His work carries this mix of sports history, art history, and everyday ephemera that feels unmistakably American and unmistakably him.
We linked with Tyrrell recently and got to dive deeper into how he got here. From growing up in Orange County with a pastor dad and an art-teacher mom… to skateboarding, basketball, Slam Magazine, and Thrasher shaping his early sense of taste… to moving to New York at 21 and deciding (very matter-of-factly) that he was going to become an artist.
The way he talks about his practice is refreshing. Nothing is precious. Everything has embedded history.
It’s why his early work began with found materials like old newspapers, scraps of wood, and things pulled out of the gutter. It’s also why his pieces today feel alive in a way that’s hard to manufacture.
A few years back, he moved from New York to Detroit, a shift that gave him more space, clarity, and room to build. Two kids later, a dream studio, and a rhythm that feels right for the work he’s making.

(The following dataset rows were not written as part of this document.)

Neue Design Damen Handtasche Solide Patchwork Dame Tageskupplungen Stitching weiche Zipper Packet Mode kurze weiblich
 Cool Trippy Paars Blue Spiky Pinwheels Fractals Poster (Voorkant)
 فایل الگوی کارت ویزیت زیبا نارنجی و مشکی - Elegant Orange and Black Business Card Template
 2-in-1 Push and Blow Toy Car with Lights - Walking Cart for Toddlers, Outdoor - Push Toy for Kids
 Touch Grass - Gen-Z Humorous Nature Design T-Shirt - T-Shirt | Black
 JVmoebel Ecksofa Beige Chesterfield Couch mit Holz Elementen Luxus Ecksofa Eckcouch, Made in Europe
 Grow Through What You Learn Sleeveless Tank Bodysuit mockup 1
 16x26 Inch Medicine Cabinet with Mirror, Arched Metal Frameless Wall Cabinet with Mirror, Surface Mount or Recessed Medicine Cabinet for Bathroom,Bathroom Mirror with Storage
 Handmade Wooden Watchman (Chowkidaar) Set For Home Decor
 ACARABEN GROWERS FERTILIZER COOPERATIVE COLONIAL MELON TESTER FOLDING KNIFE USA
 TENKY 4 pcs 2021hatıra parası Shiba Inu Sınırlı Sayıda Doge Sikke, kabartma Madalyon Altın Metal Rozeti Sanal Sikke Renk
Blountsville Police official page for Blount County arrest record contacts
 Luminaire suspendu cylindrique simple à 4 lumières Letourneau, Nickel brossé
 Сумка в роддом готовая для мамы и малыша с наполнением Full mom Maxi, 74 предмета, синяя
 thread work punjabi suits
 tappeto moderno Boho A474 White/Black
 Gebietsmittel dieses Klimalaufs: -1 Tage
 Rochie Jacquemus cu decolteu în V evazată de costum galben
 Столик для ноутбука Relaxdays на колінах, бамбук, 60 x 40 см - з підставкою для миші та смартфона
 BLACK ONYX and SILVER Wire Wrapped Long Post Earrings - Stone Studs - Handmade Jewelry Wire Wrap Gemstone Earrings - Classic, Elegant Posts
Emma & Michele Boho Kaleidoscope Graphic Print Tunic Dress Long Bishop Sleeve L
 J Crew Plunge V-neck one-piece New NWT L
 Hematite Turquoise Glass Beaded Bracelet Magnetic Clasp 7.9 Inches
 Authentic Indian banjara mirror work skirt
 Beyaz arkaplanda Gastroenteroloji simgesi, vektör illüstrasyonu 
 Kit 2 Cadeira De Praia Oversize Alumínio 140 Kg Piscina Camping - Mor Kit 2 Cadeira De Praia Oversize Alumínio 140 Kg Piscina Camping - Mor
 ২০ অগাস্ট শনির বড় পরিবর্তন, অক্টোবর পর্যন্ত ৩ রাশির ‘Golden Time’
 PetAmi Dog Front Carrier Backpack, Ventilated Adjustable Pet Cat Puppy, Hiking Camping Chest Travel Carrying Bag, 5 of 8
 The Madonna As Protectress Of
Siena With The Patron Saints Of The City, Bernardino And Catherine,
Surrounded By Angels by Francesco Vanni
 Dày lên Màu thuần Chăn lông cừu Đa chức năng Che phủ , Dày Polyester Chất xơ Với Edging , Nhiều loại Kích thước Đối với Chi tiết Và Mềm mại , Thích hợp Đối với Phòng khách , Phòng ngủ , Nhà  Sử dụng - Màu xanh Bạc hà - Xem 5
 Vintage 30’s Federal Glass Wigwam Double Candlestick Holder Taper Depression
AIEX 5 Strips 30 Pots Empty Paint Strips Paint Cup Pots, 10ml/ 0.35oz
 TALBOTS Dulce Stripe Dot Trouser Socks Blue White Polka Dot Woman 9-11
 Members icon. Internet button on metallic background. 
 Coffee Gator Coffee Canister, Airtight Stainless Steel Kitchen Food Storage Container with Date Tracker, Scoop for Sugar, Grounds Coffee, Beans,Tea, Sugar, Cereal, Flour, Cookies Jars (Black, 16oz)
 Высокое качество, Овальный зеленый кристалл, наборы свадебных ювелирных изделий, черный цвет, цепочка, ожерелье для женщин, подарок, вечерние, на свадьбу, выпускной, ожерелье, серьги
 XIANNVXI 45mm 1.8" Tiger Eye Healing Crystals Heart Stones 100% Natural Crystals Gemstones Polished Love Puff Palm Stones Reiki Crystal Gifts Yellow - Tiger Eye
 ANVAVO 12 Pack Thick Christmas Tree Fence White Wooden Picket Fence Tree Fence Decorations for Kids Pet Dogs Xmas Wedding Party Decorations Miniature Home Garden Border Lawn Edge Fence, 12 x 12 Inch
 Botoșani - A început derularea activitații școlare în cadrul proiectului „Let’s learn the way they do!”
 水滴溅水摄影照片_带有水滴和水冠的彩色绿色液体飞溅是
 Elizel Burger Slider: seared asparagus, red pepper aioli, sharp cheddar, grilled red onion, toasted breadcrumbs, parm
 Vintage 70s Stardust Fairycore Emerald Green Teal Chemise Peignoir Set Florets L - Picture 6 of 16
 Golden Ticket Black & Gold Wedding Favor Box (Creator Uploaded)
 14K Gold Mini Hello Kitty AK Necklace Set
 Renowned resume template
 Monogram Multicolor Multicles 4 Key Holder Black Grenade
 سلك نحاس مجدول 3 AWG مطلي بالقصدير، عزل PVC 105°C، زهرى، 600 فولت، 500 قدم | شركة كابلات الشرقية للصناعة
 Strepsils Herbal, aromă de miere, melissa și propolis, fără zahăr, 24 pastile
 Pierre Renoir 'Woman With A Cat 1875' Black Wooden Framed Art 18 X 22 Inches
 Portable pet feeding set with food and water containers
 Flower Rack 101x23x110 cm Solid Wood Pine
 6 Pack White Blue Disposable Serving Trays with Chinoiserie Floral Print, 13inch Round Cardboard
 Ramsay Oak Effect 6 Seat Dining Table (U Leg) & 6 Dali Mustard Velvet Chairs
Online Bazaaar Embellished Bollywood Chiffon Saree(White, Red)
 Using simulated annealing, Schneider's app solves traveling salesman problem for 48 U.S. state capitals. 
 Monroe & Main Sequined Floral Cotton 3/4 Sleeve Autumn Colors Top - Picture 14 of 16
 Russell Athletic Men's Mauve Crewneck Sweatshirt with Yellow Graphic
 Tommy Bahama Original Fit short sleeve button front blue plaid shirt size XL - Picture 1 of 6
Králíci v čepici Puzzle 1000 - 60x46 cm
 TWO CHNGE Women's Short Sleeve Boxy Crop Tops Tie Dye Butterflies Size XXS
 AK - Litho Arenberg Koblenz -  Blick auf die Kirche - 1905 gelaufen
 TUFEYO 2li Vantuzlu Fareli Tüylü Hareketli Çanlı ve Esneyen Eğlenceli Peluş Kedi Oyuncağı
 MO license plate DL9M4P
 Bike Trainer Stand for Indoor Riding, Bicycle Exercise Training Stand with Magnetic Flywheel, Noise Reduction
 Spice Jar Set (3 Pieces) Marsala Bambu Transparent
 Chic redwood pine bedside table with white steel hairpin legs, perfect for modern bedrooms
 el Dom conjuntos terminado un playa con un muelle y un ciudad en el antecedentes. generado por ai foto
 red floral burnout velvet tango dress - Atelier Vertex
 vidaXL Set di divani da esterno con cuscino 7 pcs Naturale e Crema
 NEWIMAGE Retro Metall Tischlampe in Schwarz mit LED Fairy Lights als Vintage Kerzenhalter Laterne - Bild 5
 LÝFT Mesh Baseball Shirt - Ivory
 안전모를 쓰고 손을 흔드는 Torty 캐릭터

Along the way, Tyrrell’s found his own lane with collaborations, working with everyone from Aimé Leon Dore, Reebok, ’47, and Akimbo Club. But he’s quick to say none of it happens without authenticity. No fake shit.
Now he’s gearing up to launch his own brand—WIN SPORT—a project that feels like the natural extension of everything he’s been building. Rooted in sport, but more nuanced than that.
Part message, part world-building, part re-contextualization of familiar iconography. It’s Tyrrell’s taste distilled into something wearable.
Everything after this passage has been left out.